Records from a collection:
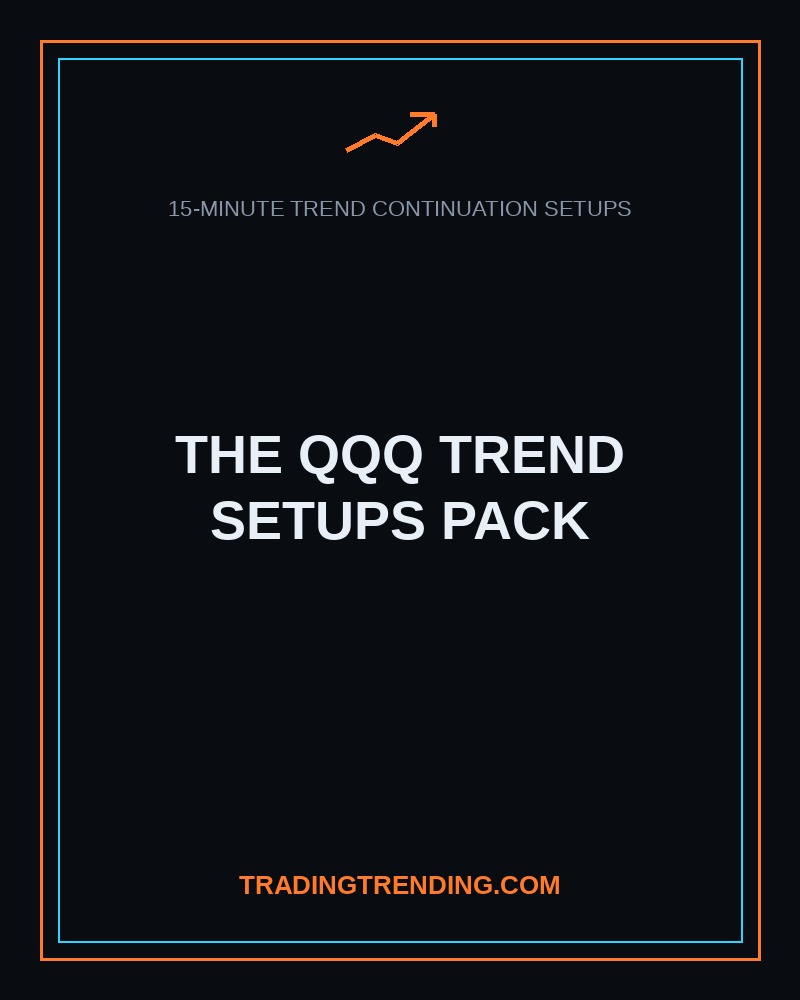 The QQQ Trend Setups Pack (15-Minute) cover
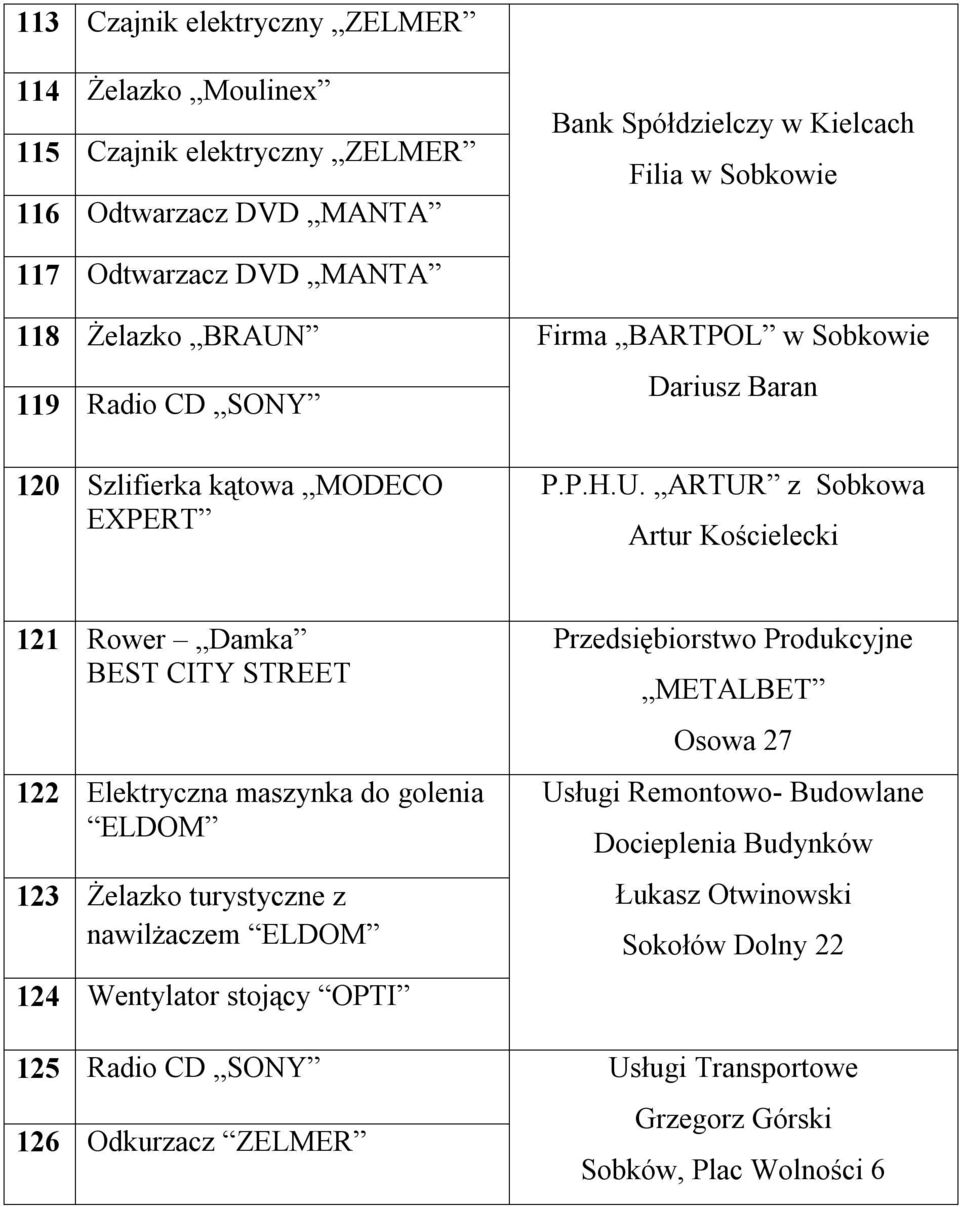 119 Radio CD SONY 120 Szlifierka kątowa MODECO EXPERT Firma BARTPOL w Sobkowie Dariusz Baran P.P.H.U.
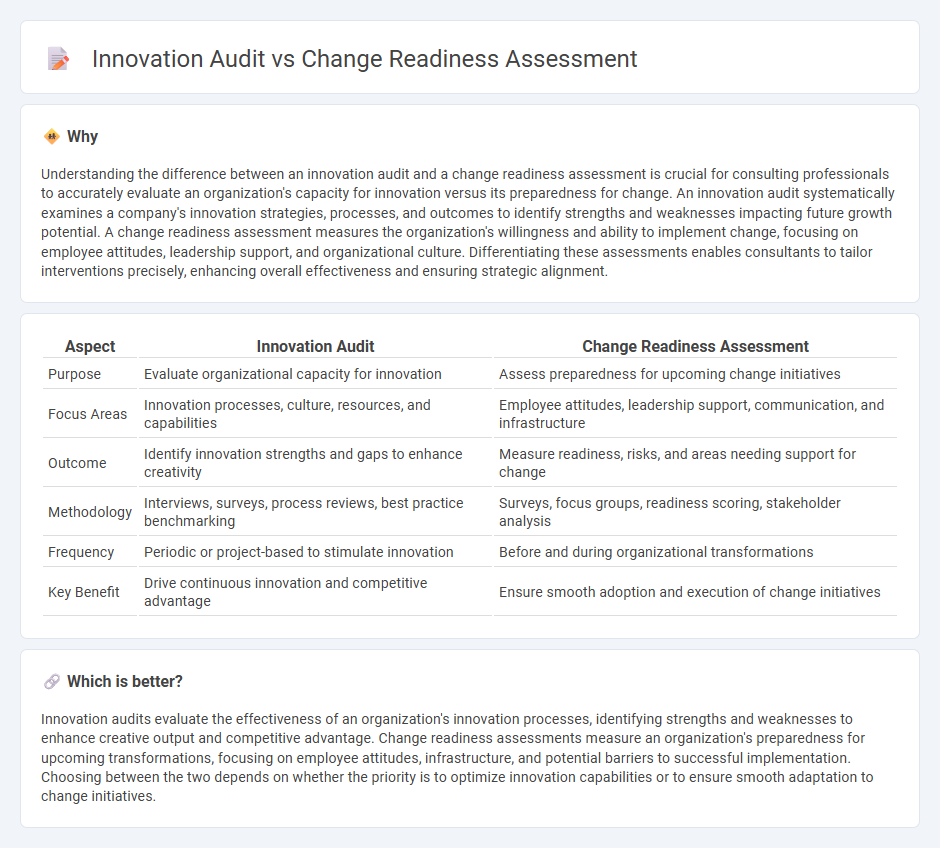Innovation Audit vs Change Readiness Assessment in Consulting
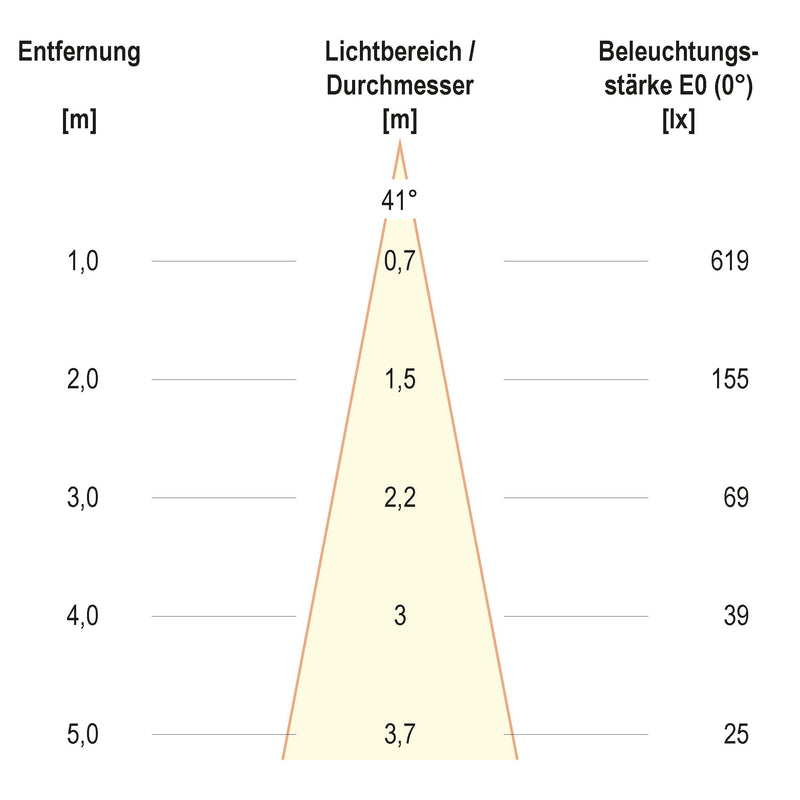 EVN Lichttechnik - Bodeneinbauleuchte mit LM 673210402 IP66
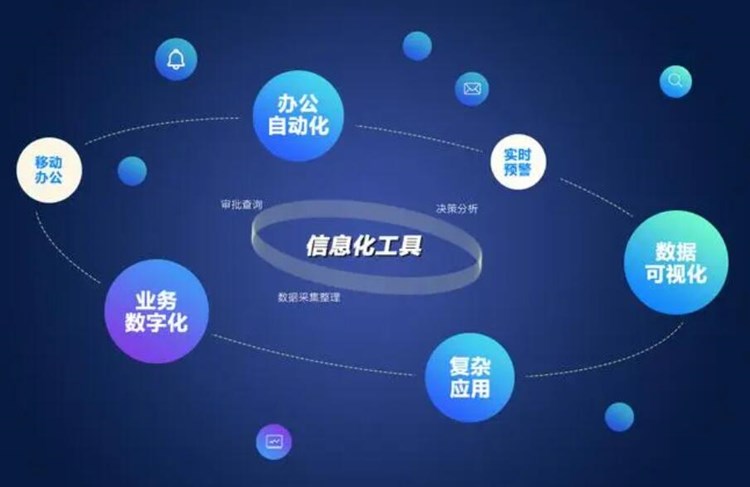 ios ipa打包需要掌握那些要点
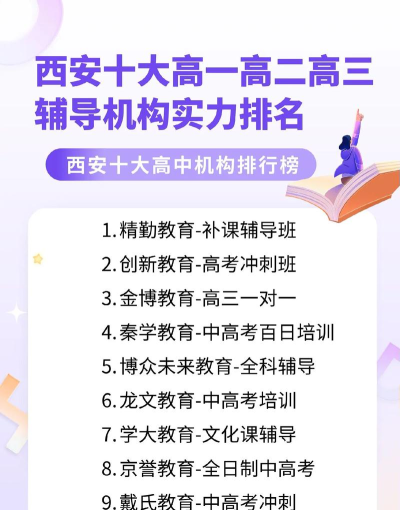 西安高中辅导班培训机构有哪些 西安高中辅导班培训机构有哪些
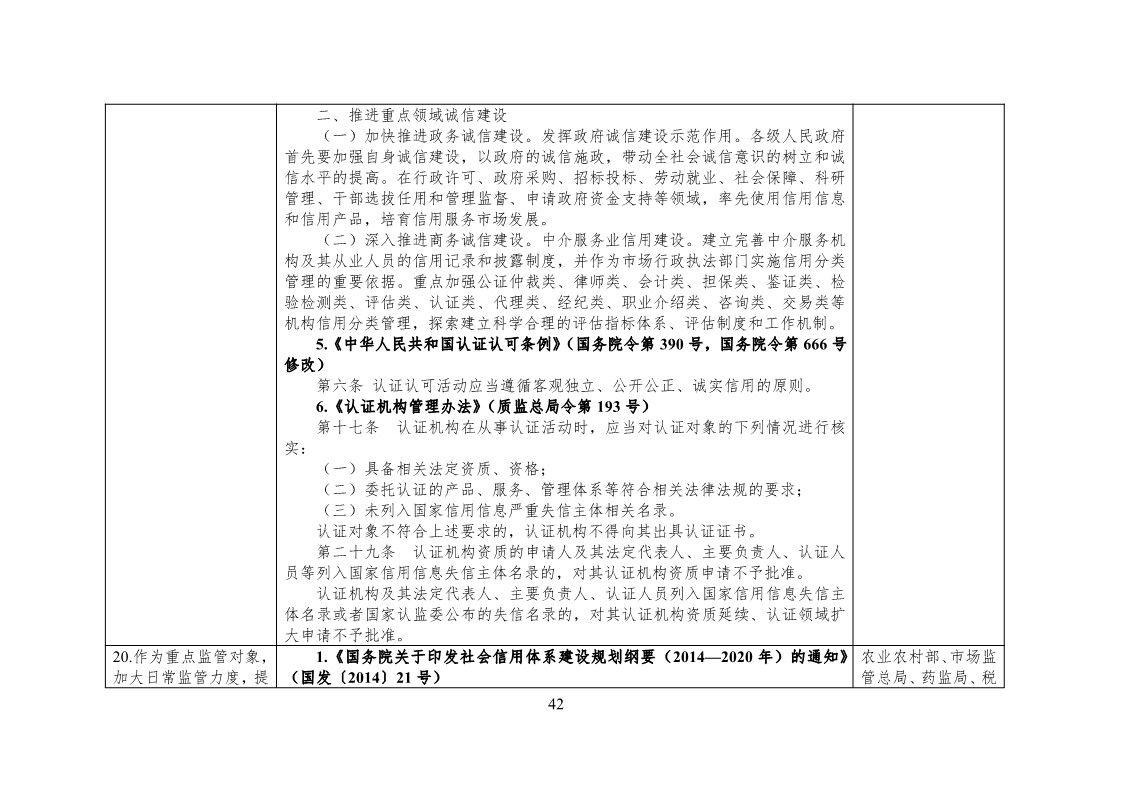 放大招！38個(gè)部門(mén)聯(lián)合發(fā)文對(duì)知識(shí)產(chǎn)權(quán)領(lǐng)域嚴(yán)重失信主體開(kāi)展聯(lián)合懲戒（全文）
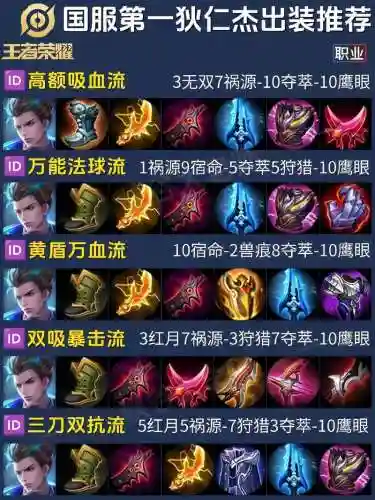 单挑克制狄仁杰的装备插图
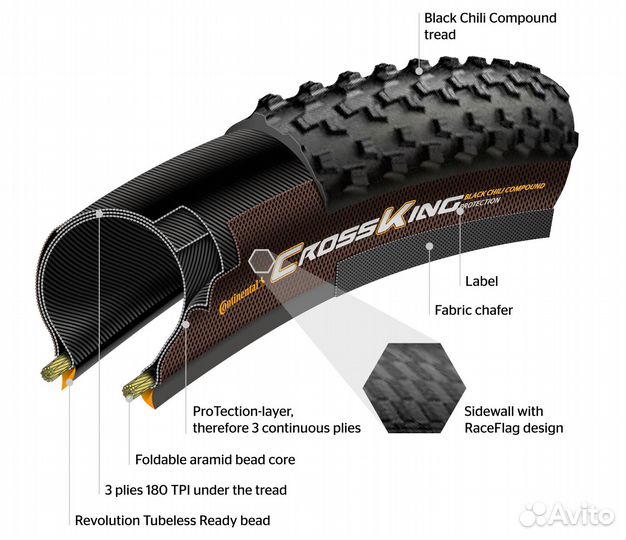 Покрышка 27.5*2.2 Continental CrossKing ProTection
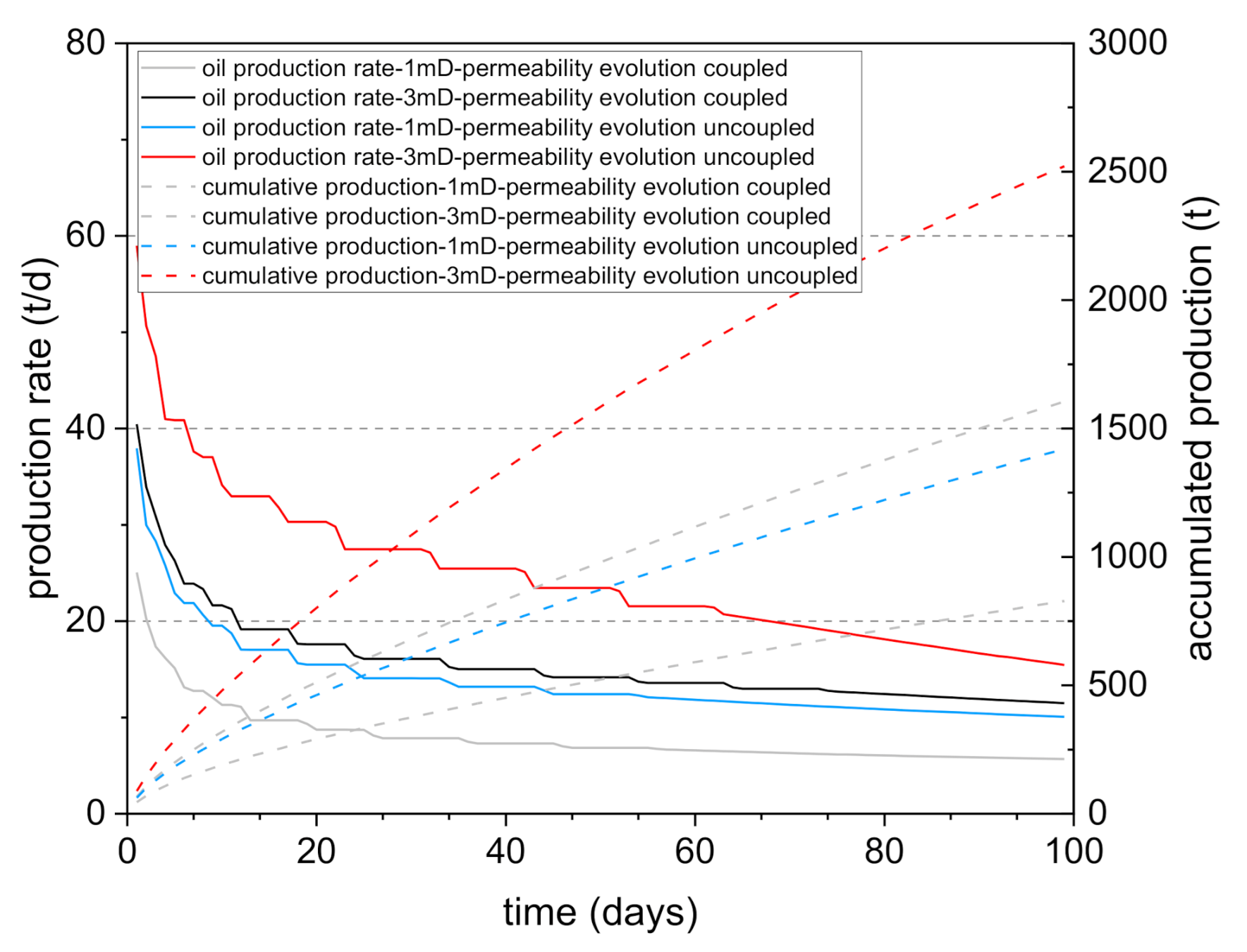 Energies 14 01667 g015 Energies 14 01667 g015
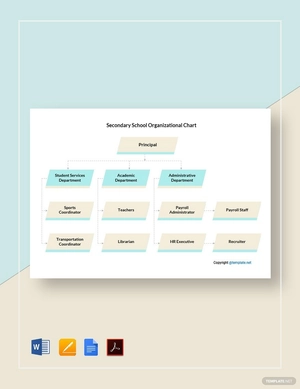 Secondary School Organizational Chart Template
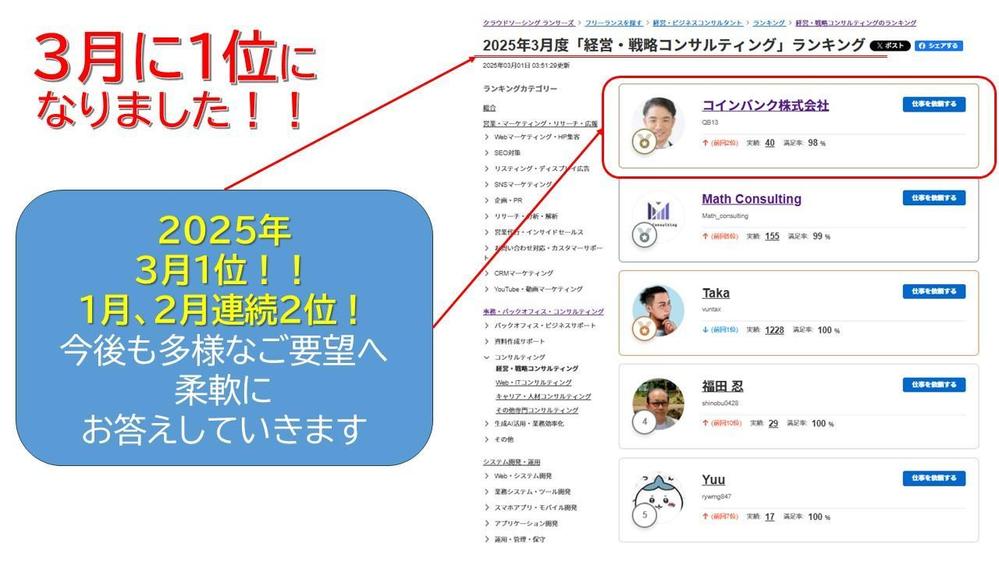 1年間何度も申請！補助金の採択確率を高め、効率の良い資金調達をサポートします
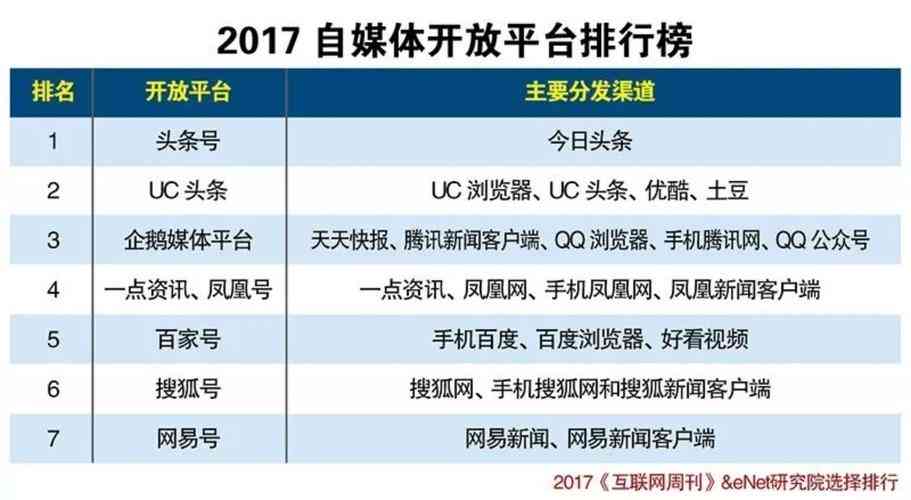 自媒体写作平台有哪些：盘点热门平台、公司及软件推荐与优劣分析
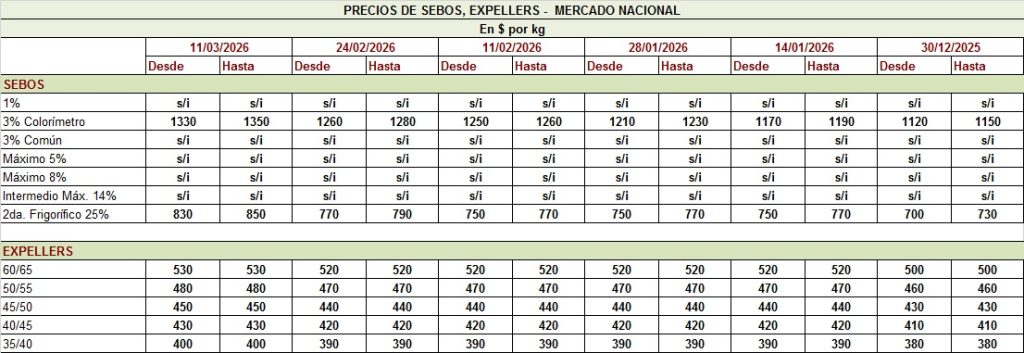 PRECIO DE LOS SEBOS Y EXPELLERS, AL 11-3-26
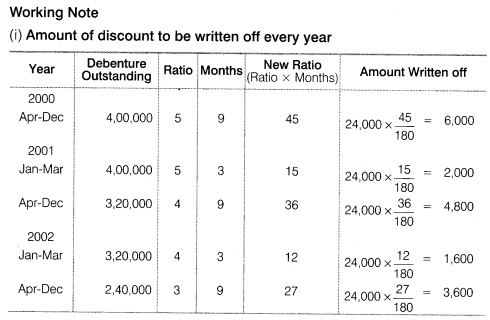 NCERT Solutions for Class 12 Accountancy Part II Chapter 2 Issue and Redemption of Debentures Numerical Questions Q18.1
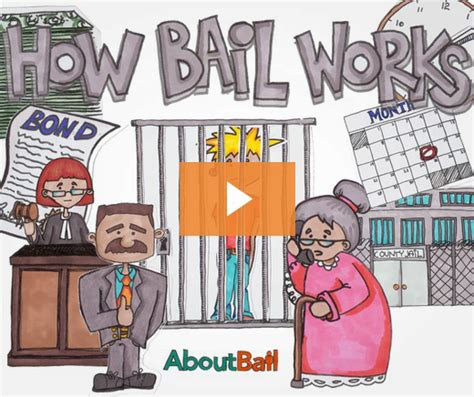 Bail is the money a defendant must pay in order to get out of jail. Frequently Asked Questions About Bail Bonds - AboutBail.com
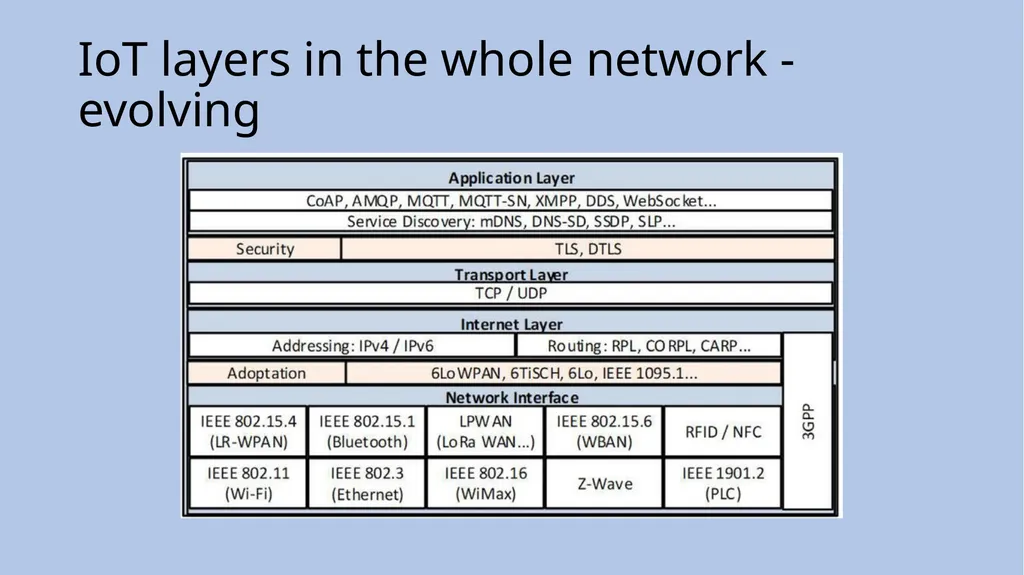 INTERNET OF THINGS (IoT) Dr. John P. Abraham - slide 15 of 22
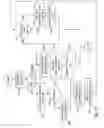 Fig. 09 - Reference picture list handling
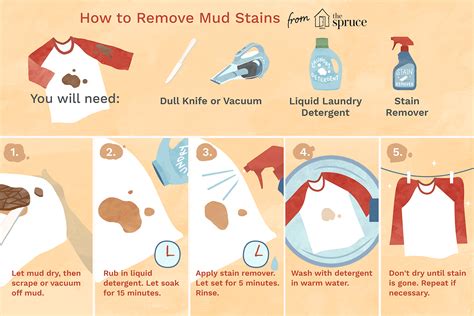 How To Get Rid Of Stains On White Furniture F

Directions for this task :: In the records above, find the line with "Secondary School Organizational" and copy from it through the last line exactly, without the pictures.

Solution to this exercise ::
 Secondary School Organizational Chart Template
 1年間何度も申請！補助金の採択確率を高め、効率の良い資金調達をサポートします
 自媒体写作平台有哪些：盘点热门平台、公司及软件推荐与优劣分析
 PRECIO DE LOS SEBOS Y EXPELLERS, AL 11-3-26
 NCERT Solutions for Class 12 Accountancy Part II Chapter 2 Issue and Redemption of Debentures Numerical Questions Q18.1
 Bail is the money a defendant must pay in order to get out of jail. Frequently Asked Questions About Bail Bonds - AboutBail.com
 INTERNET OF THINGS (IoT) Dr. John P. Abraham - slide 15 of 22
 Fig. 09 - Reference picture list handling
 How To Get Rid Of Stains On White Furniture F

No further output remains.